# Load Data <a class="anchor" id="acquire"></a>

Steps are:
    - Obtain data
        - scrape website
        - sql query
        - use given data
    - Load data
    

## 1. Obtain data

#### Scrape Website

In [None]:
# Import packages
import requests
from bs4 import BeautifulSoup

# Specify url: url
url = 'https://www.python.org/~guido/'

# Package the request, send the request and catch the response: r
r = requests.get(url)

# Extract the response as html: html_doc
html_doc = r.text

# OR
# read from website
df = pd.read_html('http://www.fdic.gov/bank/individual/failed/banklist.html')

# Create a BeautifulSoup object from the HTML: soup
soup = BeautifulSoup(html_doc)

# Get the title of Guido's webpage: guido_title
guido_title = soup.title

# Print the title of Guido's webpage to the shell
print(guido_title)

# Get Guido's text: guido_text
guido_text = soup.text

# Print Guido's text to the shell
print(guido_text)

# Find all 'a' tags (which define hyperlinks): a_tags
a_tags = soup.find_all('a')

# Print the URLs to the shell
for link in a_tags:
    print(link.get('href'))

#### SQL query

# 2. Load Dataset

##### ENSURE IN CORRECT WORKING DIRECTORY

In [None]:
# get working directory
os.getcwd()

# change working directory 
os.chdir('C:\\Users\\sexto\\Downloads')

In [None]:
# if manually downloading data, can check files in directory to ensure it is there
import os
wd = os.getcwd()
os.listdir(wd)

##### DOWNLOAD

In [None]:
# Make code as reproducible as possible by loading data from the direct link from the web
trainUrl = "https://www.kaggle.com/c/titanic/download/GQf0y8ebHO0C4JXscPPp%2Fversions%2FXkNkvXwqPPVG0Qt3MtQT%2Ffiles%2Ftrain.csv"
df2 = pd.read_csv(trainUrl, sep=',')

# However, reading in this file caused problems. I am unsure why? It was supposed to be clean data
# Got an answer from stackoverflow from below which is tried dropping rows with errors but decided not to do this
train = pd.read_csv("https://www.kaggle.com/c/titanic/download/GQf0y8ebHO0C4JXscPPp%2Fversions%2FXkNkvXwqPPVG0Qt3MtQT%2Ffiles%2Ftrain.csv", error_bad_lines=False)

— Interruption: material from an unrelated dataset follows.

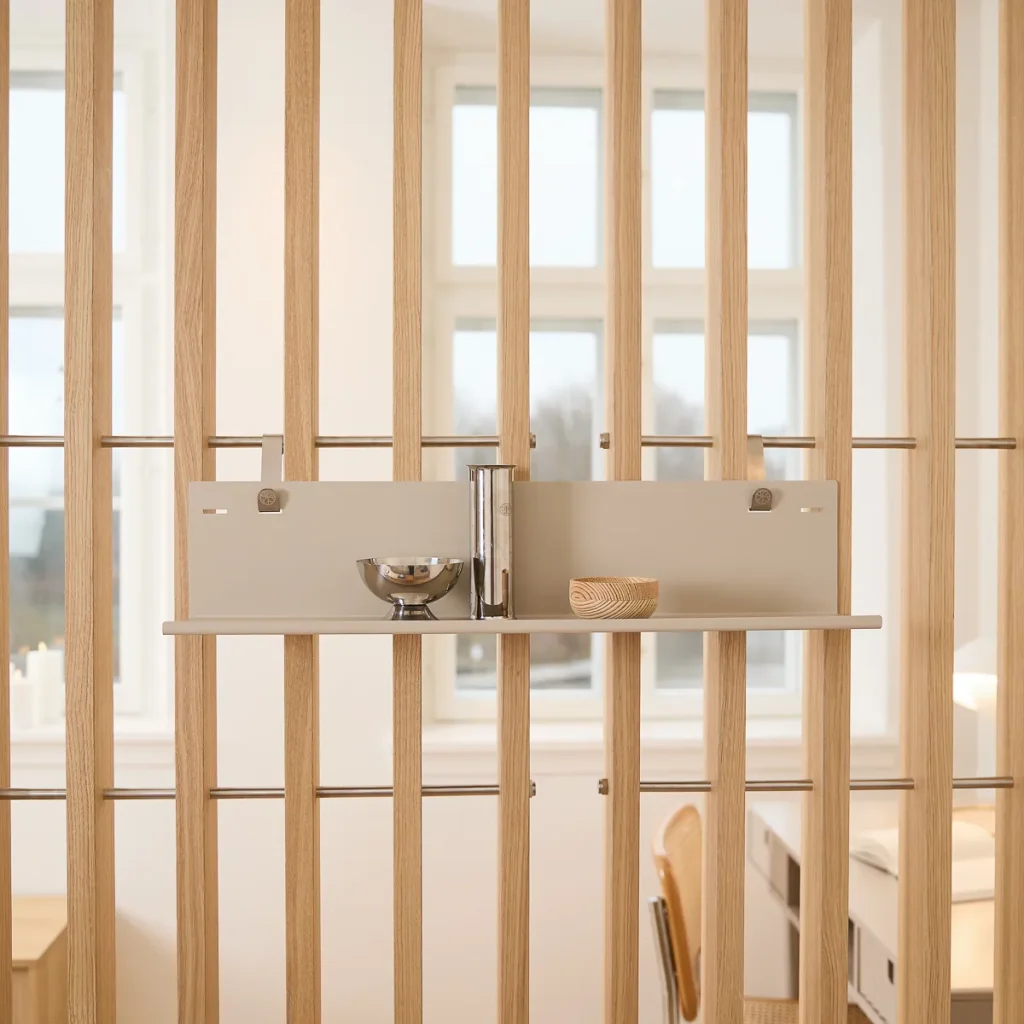 Divisória vertical de ripas de madeira da WoodUpp com trilhos metálicos, equipada com uma prateleira modular WoodUpp em acabamento neutro. Na prateleira, um vaso metálico, um cilindro prateado e uma tigela pequena de madeira completam a composição minimalista e funcional.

###### Size of data is important
- Look at the SIZE of the dataset(s) (usually train). Look at when not compressed.
- 4 GB is quite large. A GB is 1,000,000 KB.
- In kaggle, click on grid icon and can see the size of the dataset if click on the file.
- Otherwise, after downloading, click properties over the file name and can see the size.
- If file is very large then must read in only part of it. There is a way to break this up like the earthquake file.
- train = train.sample(1000000)

Different packages have their own way of reading data. 
- Pandas
- Dask
- Datatable
- Rapids

Apart from methods of reading data from the raw csv files, it is also common to convert the dataset into another format which uses lesser disk space, is smaller in size and/or can be read faster for subsequent reads. The file types explored in the notebook (Default csv and rest alphabetically):
- csv
- feather
- hdf5
- jay
- parquet
- pickle

Note that just reading data is not the end of the story. The final decision of which method to use should also consider the downstream tasks and processes of the data that will be required to run. 

##### PANDAS
Pandas is probably the most popular method of reading datasets and is also the default on Kaggle. It has a lot of options, flexibility and functions for reading and processing data.

One of the challenges with using pandas for reading large datasets is it's conservative nature while infering data types of the columns of a dataset often resulting in unnecessary large memory usage for the pandas dataframe. You can pre-define optimal data types of the columns (based on prior knowledge or sample inspection) and provide it explicitly while reading the dataset.

Documentation: https://pandas.pydata.org/docs/

In [None]:
# Setting header to None ensures headers are not imported in IF you dont want them

import pandas as pd

%%time

# set names of columns AND data type in the column
dtypes = {
    "row_id": "int64",
    "user_id": "int32",
    "task_container_id": "int16",
    "user_answer": "int8",
    "prior_question_elapsed_time": "float32", 
    "prior_question_had_explanation": "boolean"
}

data = pd.read_csv("../input/riiid-test-answer-prediction/train.csv", dtype=dtypes)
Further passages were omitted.